Your task: Locate the string "Then" in the listing below. Copy every line where it is found.

*** Material provided ***

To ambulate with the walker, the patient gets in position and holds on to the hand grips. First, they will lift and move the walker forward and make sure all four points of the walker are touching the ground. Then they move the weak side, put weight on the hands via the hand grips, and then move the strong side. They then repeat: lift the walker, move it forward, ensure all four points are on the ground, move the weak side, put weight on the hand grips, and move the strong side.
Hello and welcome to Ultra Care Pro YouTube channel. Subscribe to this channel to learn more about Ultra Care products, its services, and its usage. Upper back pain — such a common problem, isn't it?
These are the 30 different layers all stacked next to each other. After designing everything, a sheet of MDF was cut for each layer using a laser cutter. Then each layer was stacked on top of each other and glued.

*** End of Material provided ***
*** Material provided ***

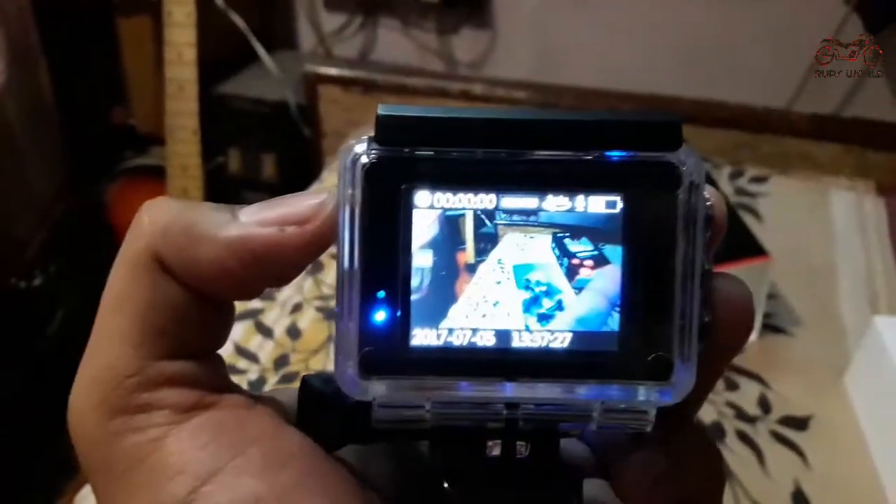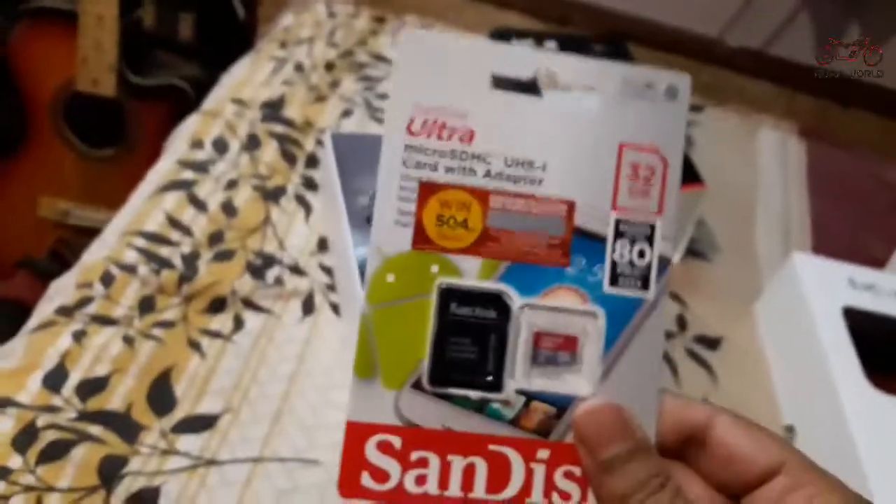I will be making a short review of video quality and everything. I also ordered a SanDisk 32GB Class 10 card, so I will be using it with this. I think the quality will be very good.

*** End of Material provided ***

Solution for this exercise:
To ambulate with the walker, the patient gets in position and holds on to the hand grips. First, they will lift and move the walker forward and make sure all four points of the walker are touching the ground. Then they move the weak side, put weight on the hands via the hand grips, and then move the strong side. They then repeat: lift the walker, move it forward, ensure all four points are on the ground, move the weak side, put weight on the hand grips, and move the strong side.
These are the 30 different layers all stacked next to each other. After designing everything, a sheet of MDF was cut for each layer using a laser cutter. Then each layer was stacked on top of each other and glued.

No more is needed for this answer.